The Communist Party of Malaya (MCP) was recognized as a legal entity by the British colonial authorities and schools were swayed by communist ideologies. Political tension between the communists and the British grew, resulting in the murder of three European planters in the state of Perak and the ‘Malayan Emergency’ in 1948. It was during this time too that many new drama companies were formed in Singapore and Malaysia. [iv]
- in the 60’s and 70’s
After a brief period of fighting against the culture of bad influences in the sixties, from pornography to undesired materials propagated against the moral zeitgeist of the day, Chinese drama took a new turn in the with the establishment of the Dramatic Arts Society in Malaysia. [v]
- In the 80’s
In the eighties, under the stewardship of Leong Chi Sin[vi], the Malaysian Institute of Art established its very first drama department. This was a monumental time for theatre as drama studies were established as a field of academic study. Seminal Chinese drama educator Soon Choon Mee[vii] became a lecturer in the same institute training new drama practitioners in the Chinese drama scene. She educated them about the emergence and possibility of the small theatre form （小剧场）from Taiwan, which was experiencing a new era in theatre development right after their release from martial law in 1987.
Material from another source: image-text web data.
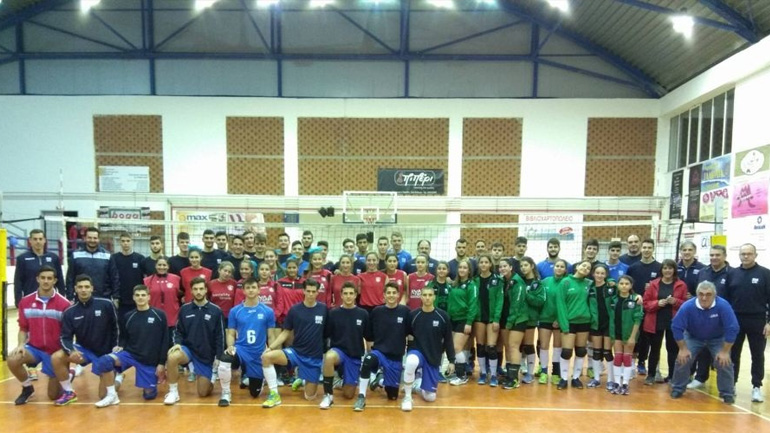 Βόλεϊ: Έπαιξαν φιλικό Έφηβοι και Παίδες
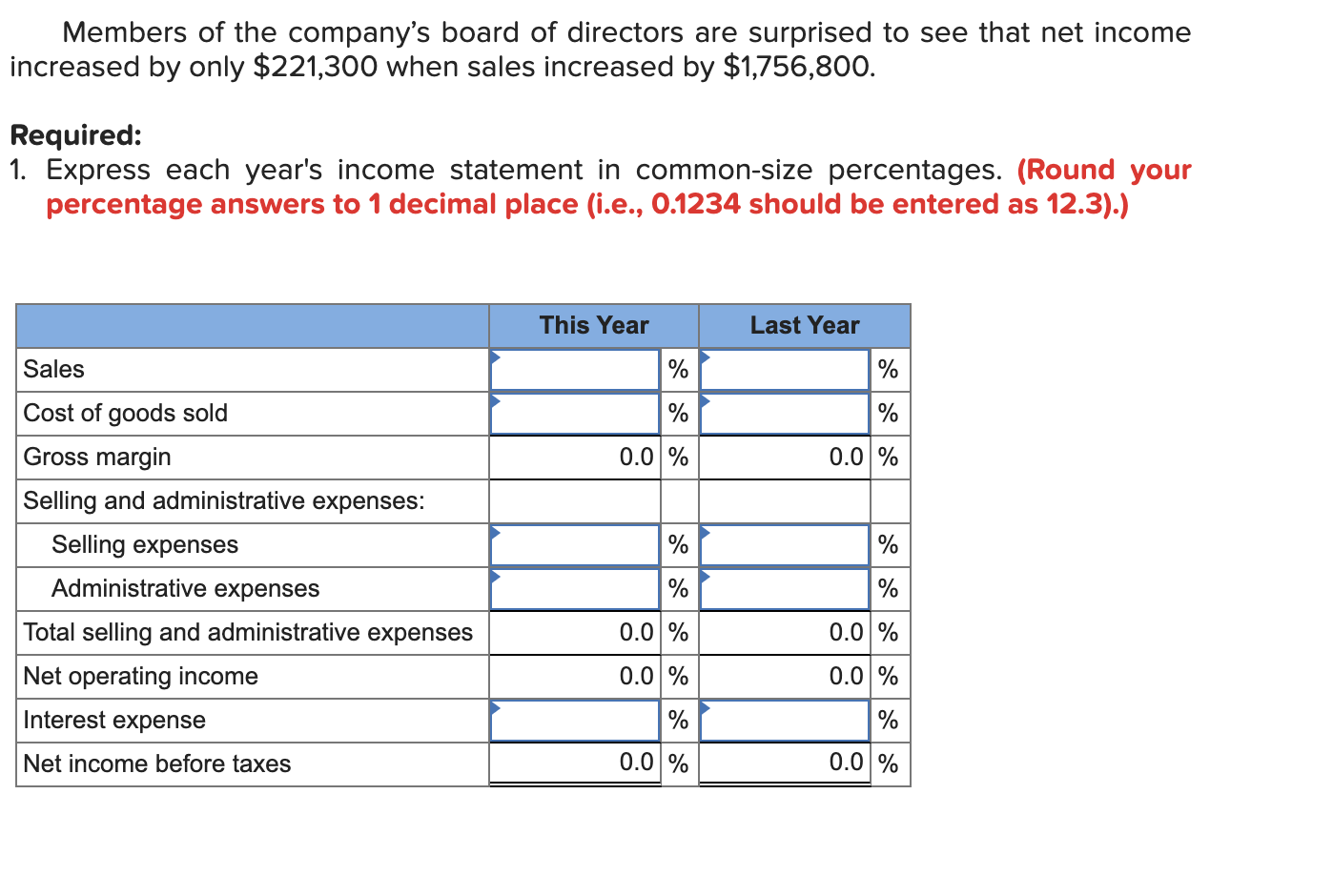 of Toronto: Mckenzie Sales, Ltd. Comparative Income Statement This Year Last Year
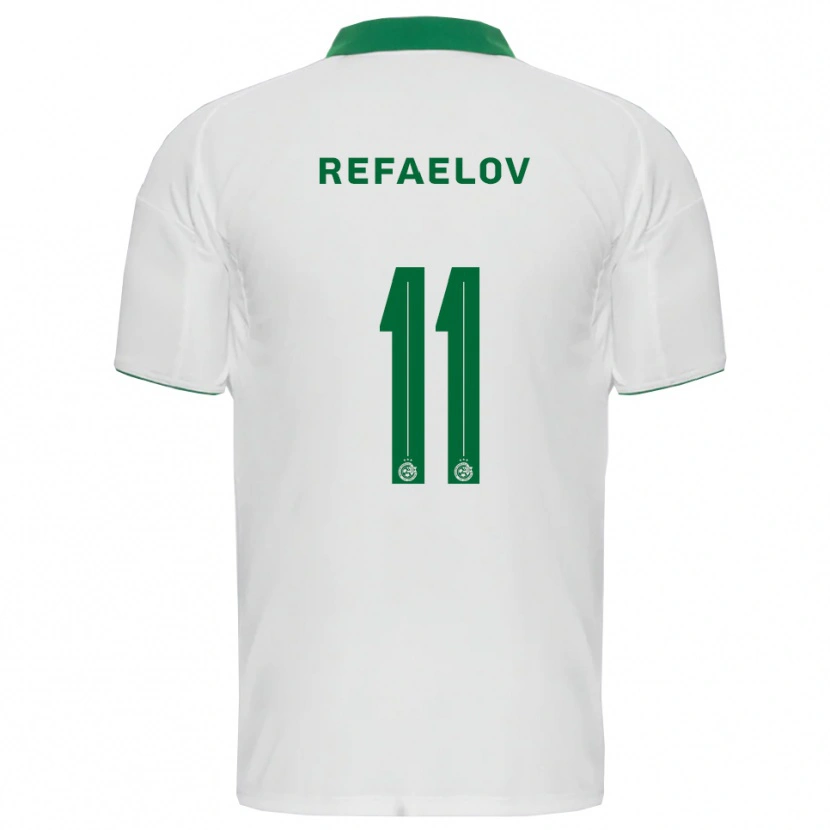 Danxen Dames Lior Refaelov #11 Wit Groen Uitshirt Uittenue 2025/26 T-Shirt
With education, new ideas of drama making brought about new forms of Chinese drama, which led to eventual setting up of the Committee of Theatre Teaching （剧场教学委员会） in 8 August 1993. The national drama festival – which was managed by the committee then – was taken over by a new arts education organisation named Tea Theatre, eventually took on different names as the management baton was being handed from different management team: Team Theatre.[viii]
[i] “As in most of the Asian cultures, no tradition of spoken drama existed in China either, prior to the era of the arrival of Western influence at the end of the 19th and at the beginning of the 20th centuries. In fact, the first production of Chinese spoken drama or huaju (hua-chü) was not even created in China, but in Japan, where the interest in Western theatre bloomed slightly earlier than in China. In spring 1907 young Chinese studying in Tokyo performed the third act of La Dame Aux Camélias by Alexander Dumas fils. The positive feedback the production received in Japan encouraged the student group, called The Spring Willow Society, to further stage Uncle Tom’s Cabin by Harriet Beecher. It was the beginning of the tradition of Chinese spoken drama, which also quickly spread to Shanghai” (Mittinen).
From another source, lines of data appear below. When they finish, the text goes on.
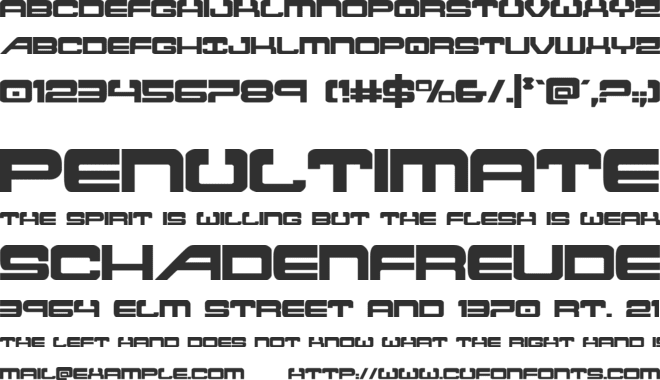 Atlantia font preview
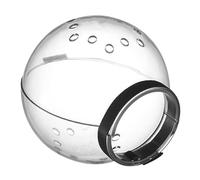 LAPYAPPE Breathable Cat Collar with No Sense of Protective Head Cover with Sticky Fastener, Easy to Operate Abs Material White Decorative Collar for Outdoor Use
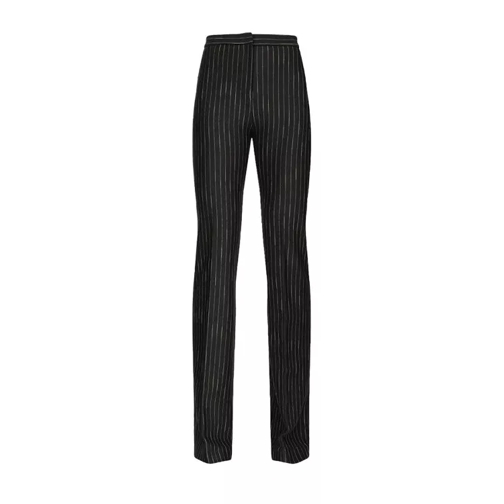 Pinko Black Striped Straight Trousers Black Hosen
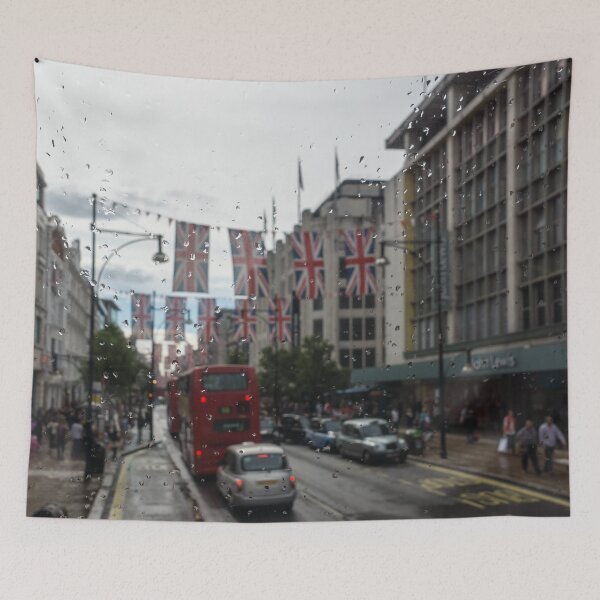Item preview, Rainy London - Oxford Street Union Jacks designed and sold by Georgia Mizuleva.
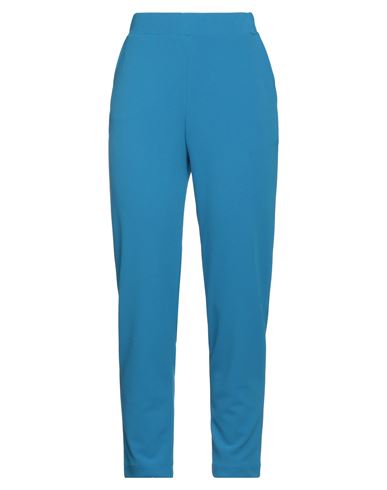 Amnè Woman Pants Azure Size Xs Polyester, Elastane In Blue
Mittinen, J.O. et al. Chinese Theatre and Dance in 20th Century Available here.
[vi] Leong Chi Sin was one of the founders of the seminal Chinese theatre group named Dramatic Arts Society. He was also the first head of department of the Malaysian Institute of the Arts, in which many new drama practitioners were trained and went on to become active members in the Chinese drama community today.
[vii] Before Soon Choon Mee became the president of ASLI, she has been widely regarded as the key person propelling an important turn in Malaysia-Chinese theatre, from the largely spoken drama based drama tradition to the newly imported concept of Small Theatre from Taiwan. She has been touted as the person who brought fresh breath to Malaysia-Chinese drama in the eighties and nineties.